The Global Economy’s “Impeccable Logic”

Ever since the Occupy movement coined the terms “the 1%” and “the 99%” to point out disparities of wealth and power, the gap between rich and poor has received a lot of attention. In his highly-regarded 2014 book,Capital in the Twenty-first Century, for example, Thomas Piketty’s central thesis is that wealth inequality is bound to increase in modern capitalist economies. This was underscored by a recent Oxfam report, which tells us that the world’s 85 richest people now have as much wealth as the poorest 3.5 billion; that the richest 1 percent will own more than half the world’s wealth by next year; and that in the US, the wealthiest one percent captured 95 percent of income growth since 2009, leaving the bottom 90 percent even poorer. (1) There’s more, but you get the idea.

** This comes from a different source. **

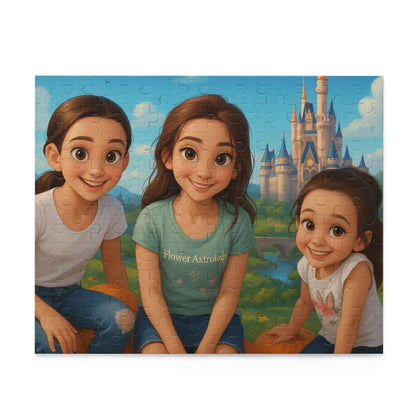 Personalized cartoon puzzle featuring three smiling girls with a Disney-inspired castle background.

Statistics like these have led to widespread questioning of the moral underpinnings of the global economy. But does morality have any place in conventional economic thinking? While the overseers of the global economy are beginning to see problems with the wealth gap, it’s for reasons that are neither moral nor ethical, but purely practical: extreme inequality, they fear, might threaten the continuance of the system itself. Christine Lagarde, Managing Director of the IMF, worries that “excessive inequality is not good for sustainable growth [sic]”(2), while billionaire and self-described plutocrat Nick Hanauer is even more concerned: “if we don’t do something to fix the glaring inequities in our society, the pitchforks will come for us.” (3)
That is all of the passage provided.